Gender, Race, Heartache, and the Campaign
Posted on Across the Ages: March 4, 2008 6:32 AM
My colleagues in Canada find the U.S. Presidential campaign process exceedingly odd—months and months of debate. What's the purpose?
But I don't mind the length. I wonder if the process isn't as much about finding ourselves—sorting out our current national personality—as it is about the candidates finding us. They catalyze our national conversations—and serve as symbols of our decisions. Most of us are not digging into the detail of competing health care plans or war strategies. We are imaging ourselves represented by these individuals—listening to them reflect our values and ideas back to us and to the rest of the world. The campaign gives us time to agree on who we are now, this year, at this point in time. What do we care about? What progress have we made? Whose voices are loudest and strongest today?
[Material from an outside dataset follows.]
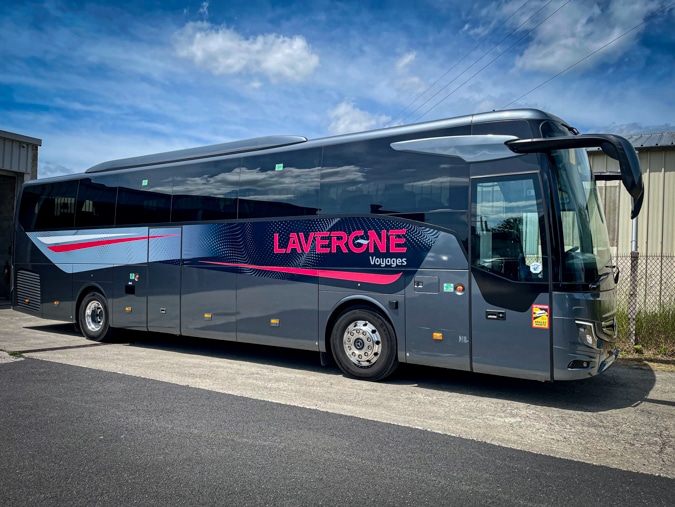 Pose d'adhésifs sur autocar pour Lavergne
And, they mark important milestones in our shared history.
I remember watching the Nixon-Kennedy debates with my father. Being from central Michigan (a Republican stronghold in those days—I'm not even sure those small mid-Michigan towns ran general elections), there was no choice in my father's mind—Nixon was the man. I remember listening politely to his views before pointing out the obvious—the other guy was going to win.
And I remember the awe of having Geraldine Ferraro on the ticket in 1984. I lay awake nights trying this amazing idea on for size. A women might be Vice President—maybe even President someday. I didn't hear many favorable things about the ticket from my family (Republican stronghold, remember), but I was stunned by the vision that that one campaign instilled in our national eyes—its reflection reshaped my view of myself and my life options.
I get how important Barack Obama's candidacy is to our national conversation—to our view of ourselves. I am thrilled that there are young and not-so-young blacks in America trying on a new image of themselves as they listen to Obama and imagine him in the White House. I heard Colin Powell speak recently of his life before the Civil Rights act of 1964—of being denied access to a hamburger stand. I suspect Obama's candidacy makes us all proud that we, as a nation, have reached this point today.
And, Obama is shifting our nation's generational markers again, as Kennedy did for me. Not technically, of course—Obama is a Boomer—but, as Gen Y Andrew Romano's poignant article in Newsweek, declared, "He's One of Us Now."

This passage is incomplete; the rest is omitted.